**Instructions to follow**
Leave the pictures out and print, word for word, the lines below from the one with "04d67b75 9a8d 4b6e a9bd 9bf11930adda" through the final line.

(Extracted data entries)
-*-*-

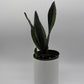 Sansevieria 'Whitney'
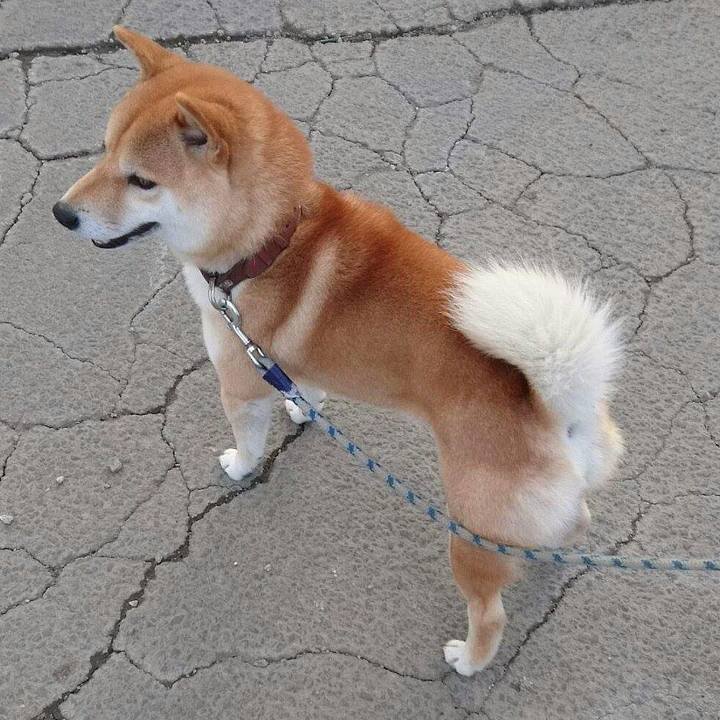 04d67b75 9a8d 4b6e a9bd 9bf11930adda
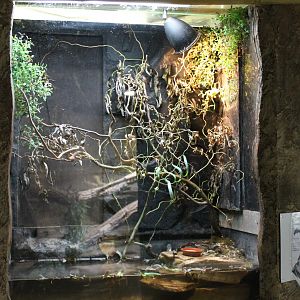 Enclosure Carolina tree frog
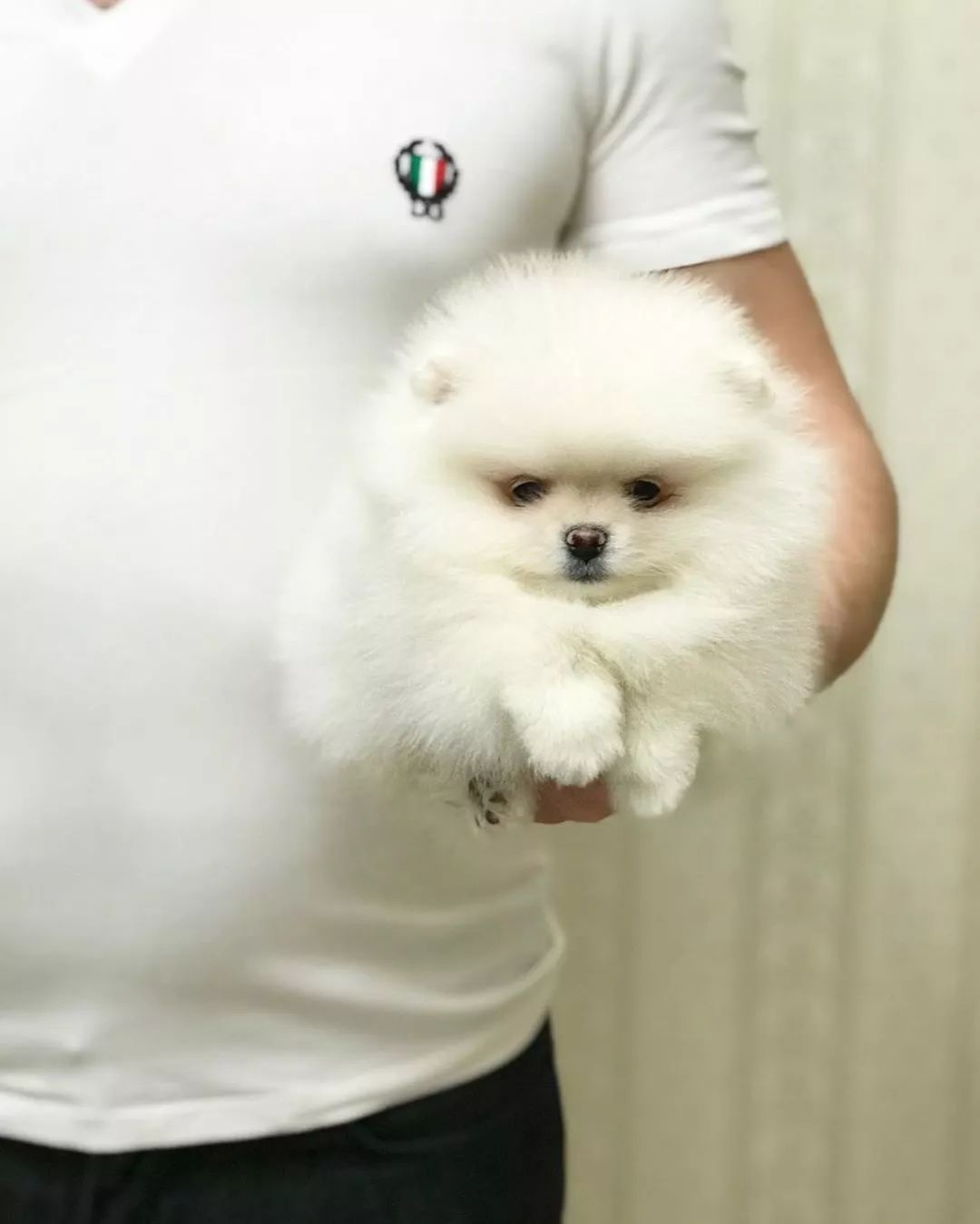 这只捧在手里胖嘟嘟的小毛球居然是狗狗?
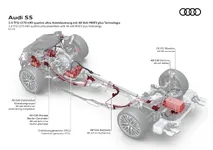 A243440_large.webp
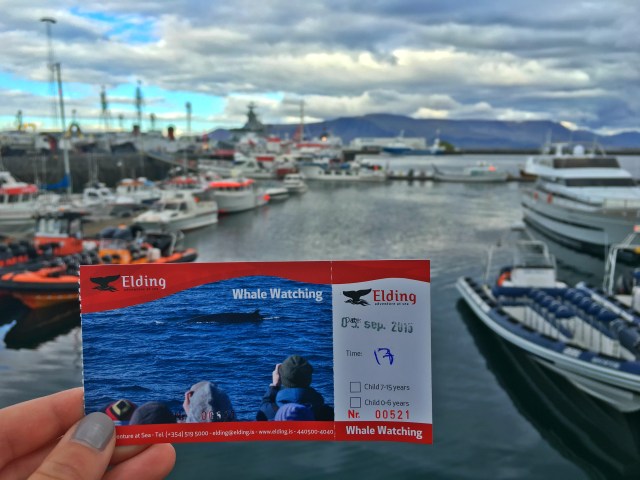 Elding Whale Watching Tour, Reykjavik, RebeccaWanderlusting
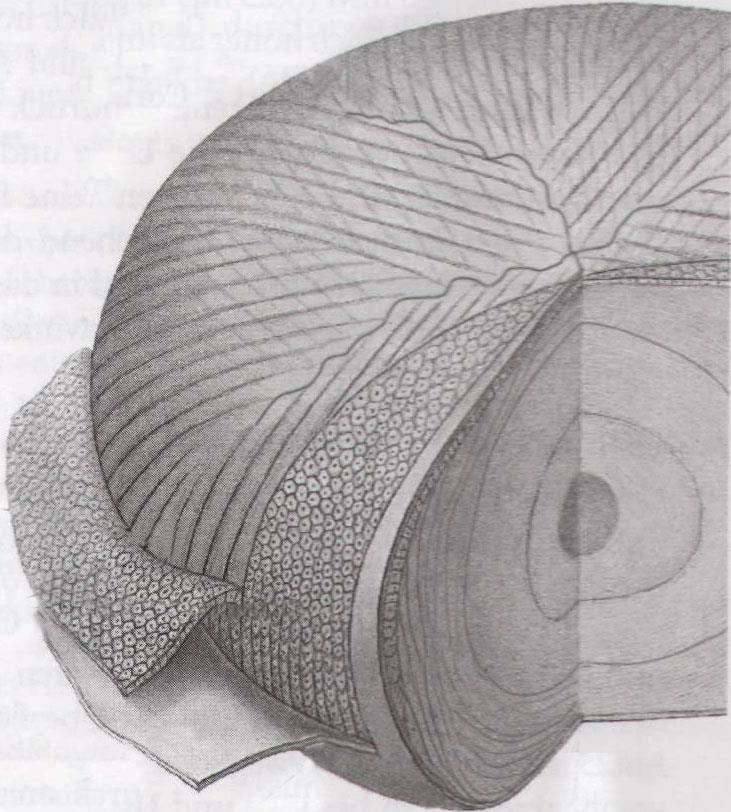 Linsenepithelium Polus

-*-*-

**Exercise output**
 04d67b75 9a8d 4b6e a9bd 9bf11930adda
 Enclosure Carolina tree frog
 这只捧在手里胖嘟嘟的小毛球居然是狗狗?
 A243440_large.webp
 Elding Whale Watching Tour, Reykjavik, RebeccaWanderlusting
 Linsenepithelium Polus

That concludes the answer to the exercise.